July 12 (Bloomberg) -- Hoshino Resort Co., a 109-year-old Japanese luxury hotel operator, wants to be as well known as Toyota Motor Corp. internationally. President Yoshiharu Hoshino says today’s real estate investment trust debut is a start.
“When I walk on the streets of New York or London, I see Toyota, Nissan and Honda cars driving around, but I don’t spot any Japanese hotels,” Hoshino, 53, said in an interview in Tokyo. “It’s my dream to become one of the choices in the international tourism business.”
Hoshino Resorts REIT Inc. will invest in Hoshino’s three hotel brands, which are currently located only in Japan, after raising 10.2 billion yen ($103 million) in an initial public offering. The REIT will buy six hotels for 15 billion yen from the company, Hoshino said.
The REIT jumped 15 percent to 589,000 yen at the close of trading in Tokyo from the 510,000 yen IPO price.
Hoshino said that shifting ownership of the hotels to the REIT will allow him to focus on managing the properties as the company expands, including opening hotels overseas. Hoshino Resort will use the IPO proceeds to upgrade its computer system, strengthen its brand and hiring, the president said.
Hoshino Resort manages 30 hotels across Japan under its Hoshinoya, Kai and Resonare brands. The company is based in Karuizawa in Nagano prefecture, west of Tokyo, known as a summer retreat for Tokyoites similar to the Hamptons on Long Island in the U.S.
Hoshino said he wants to work with hotel owners and investors to open hotels abroad. The company plans to open its first resort outside of Japan, in Bali next year, and is also scheduled to open its first hotel in a city in 2016, in Tokyo’s Otemachi business district, said Hoshino, who inherited the business from his father in 1991. Both will be under the Hoshinoya brand.
The REIT will eventually own assets including the Hoshinoya, the high-end brand that charges as much as 120,000 yen per person a night, the Kai brand that operates Japanese style hot-spring inns known as ryokans, and Resonare resorts that target families, Hoshino said.
The trust is targeting investors seeking to profit from the growth of Japan’s tourism market, Hoshino said.
The government has set a target to attract 18 million visitors to Japan a year by 2016 from 8.37 million in 2012, according to Japan National Tourism Organization.
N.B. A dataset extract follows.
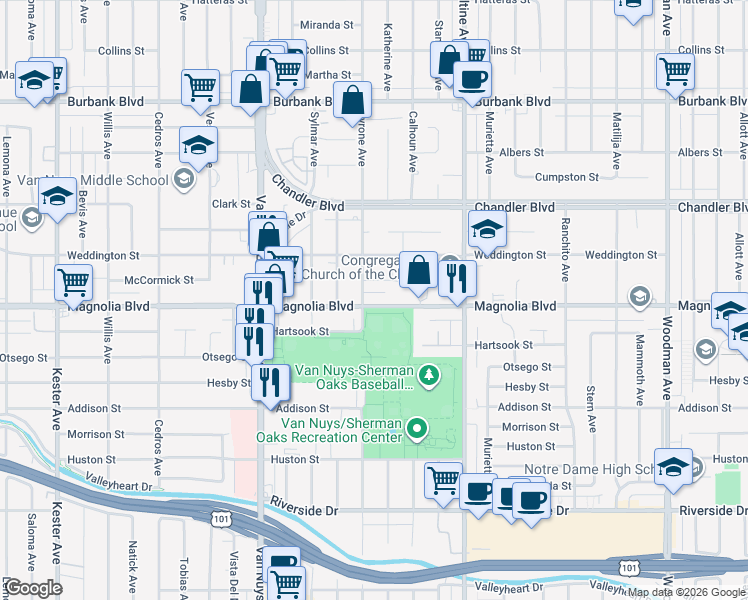 map of restaurants, bars, coffee shops, grocery stores, and more near 5221 Tyrone Avenue in Los Angeles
The yen’s 12 percent decline this year versus the dollar has helped boost the number of visitors to Japan by 31 percent in May, it said.
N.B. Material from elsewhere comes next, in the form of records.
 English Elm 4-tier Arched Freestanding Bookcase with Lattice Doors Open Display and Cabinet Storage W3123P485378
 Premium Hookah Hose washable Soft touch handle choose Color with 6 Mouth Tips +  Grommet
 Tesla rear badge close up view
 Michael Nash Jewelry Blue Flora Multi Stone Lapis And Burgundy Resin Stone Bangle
“The tourism industry is one of the few industries that is growing in Japan,” Hoshino said. “It’s very important to create such opportunity, so more and more people will have interest in this industry.”
The hotel market accounted for about 70 percent of the 22.4 trillion yen in total spending on tourism in 2011, according to the Japan Tourism Agency.
The average daily rate for hotels in Tokyo rose 7.6 percent to 15,751 yen ($159) in May from a year earlier, according to data compiled by STR Global, a London-based hotel industry researcher. That compared with $275.97 in New York, $214.80 in London and $210.06 in Hong Kong for the same month, it said.
Hoshino group, which has 3,070 employees, plans to expand its Kai brand by acquiring ryokans struggling to survive, Hoshino said. The company plans to increase the number of Kai ryokans to 12 next year from nine and has a goal of boosting the total to 30 “as soon as possible,” he said.
In 2001, Hoshino acquired a hotel in Yatsugatake in Yamanashi prefecture, west of Tokyo, from a unit of Mycal Corp., a retailer that went bankrupt, through the Development Bank of Japan.
Hoshino Resort increased the occupancy rate for that hotel to 80 percent by November 2012 from 44 percent 10 years earlier, the president said.
Hotels managed by Hoshino group generated about 32 billion yen in revenue last year, he said.
“My goal is to provide a Japanese-culture oriented hospitality company,” said Hoshino. “Japanese culture is well known for its friendliness and hospitality. Wouldn’t it be great to utilize our strength?”